GOAL OF THE EXERCISE:
The reply should contain all the data below, repeated exactly, and none of the images.

SUPPLIED MATERIAL:

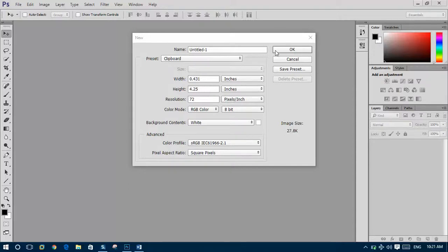Today I will show you how to make a microphone shape inside Photoshop CC.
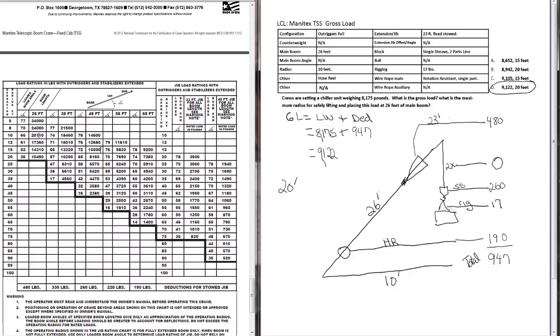All right. Well, I think that pretty much provides our illustration for a gross load problem. Good luck on the exam. Remember, practice, practice, practice.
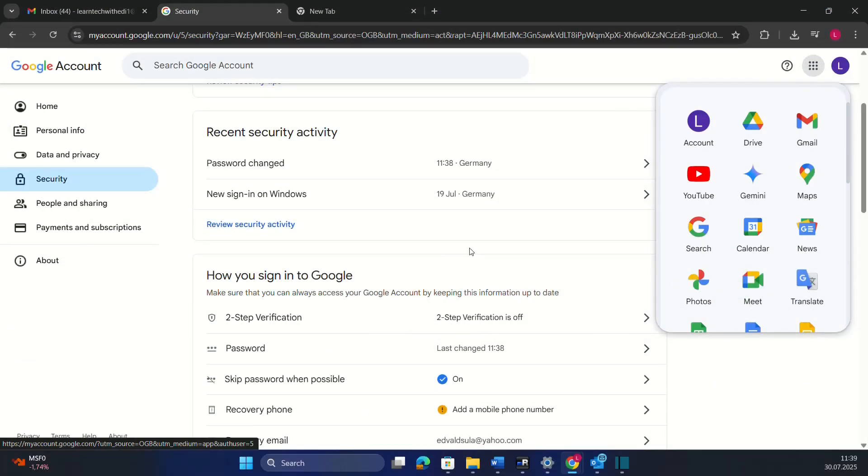That's all you have to do in order to change your Gmail password, including your Google account password. Thanks for watching and please consider subscribing to our channel. All the best.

TASK RESPONSE:
Today I will show you how to make a microphone shape inside Photoshop CC.
All right. Well, I think that pretty much provides our illustration for a gross load problem. Good luck on the exam. Remember, practice, practice, practice.
That's all you have to do in order to change your Gmail password, including your Google account password. Thanks for watching and please consider subscribing to our channel. All the best.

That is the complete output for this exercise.